The house is now worth £415,000.
A home built around lodgers
Garrett never planned to live there alone. She designed the renovation around two live-in lodgers from the start.
Carpets came out, replaced with hard flooring in the rented rooms so they wiped clean.
The new kitchen got enough cupboards for everyone to claim their own, and the bathroom got storage to match.
“Revenue from renting rooms has far exceeded total costs of renovating my home,” she said.

Seven years in London house shares, plus university before that, made the arrangement second nature.
“Co-living really suits my life stage of being a single female in my 30s.”
She doesn’t see it as forever. When she has children the lodgers’ rooms become family space, and by then the appreciation and the mortgage payments will have done their work.
“Buying a house was the best financial decision I have ever made.”
From locked out to founder
The frustration of those early house hunts stuck.
After a decade in the beauty and fashion industry, Garrett lost her job in 2024, a role by then paying £75,000.
She used the moment to launch Cucoon.
The platform helps single professionals co-buy their first home together, with the legal and practical safeguards that usually scare people off the idea.
It runs with support from Virgin StartUp’s Momentum cohort, an accelerator for dyslexic entrepreneurs.
The idea came from friends who had co-bought successfully, and from how normal flat-sharing already is through sites like Spareroom, which she had used herself.

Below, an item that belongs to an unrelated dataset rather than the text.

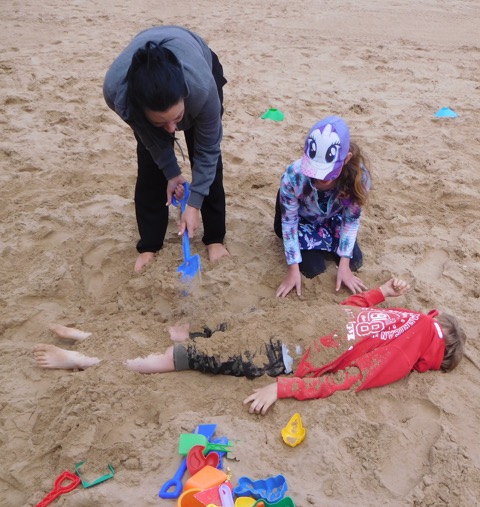 The traditional burying in the sand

“Many people are choosing to stay single for longer,” she said.
“Cucoon offers a solution for those who are ready to buy without waiting for traditional milestones such as marriage or inheritance.”

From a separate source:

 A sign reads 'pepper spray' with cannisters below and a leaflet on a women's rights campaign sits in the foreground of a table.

She added: “I didn’t know anyone who was able to buy single, especially without family help. I don’t believe home ownership and the ability to build wealth should be dependent on relationship status.”
Why it matters
Garrett’s story follows a familiar founder pattern: take the problem you personally fell into, then sell the fix.
The creator economy runs on the same instinct, and so do a growing number of solo operators turning lived experience into a business.
Her gap was a housing market that quietly assumes you arrive as a couple.
Single-person households keep rising across the UK, and the average first-time buyer gets older every year while wages trail prices.
A platform built for solo buyers lands exactly as the two-income route slips further out of reach.
Whether co-buying with near-strangers goes mainstream or stays a niche will come down to how those legal safeguards hold up the first time one owner wants out.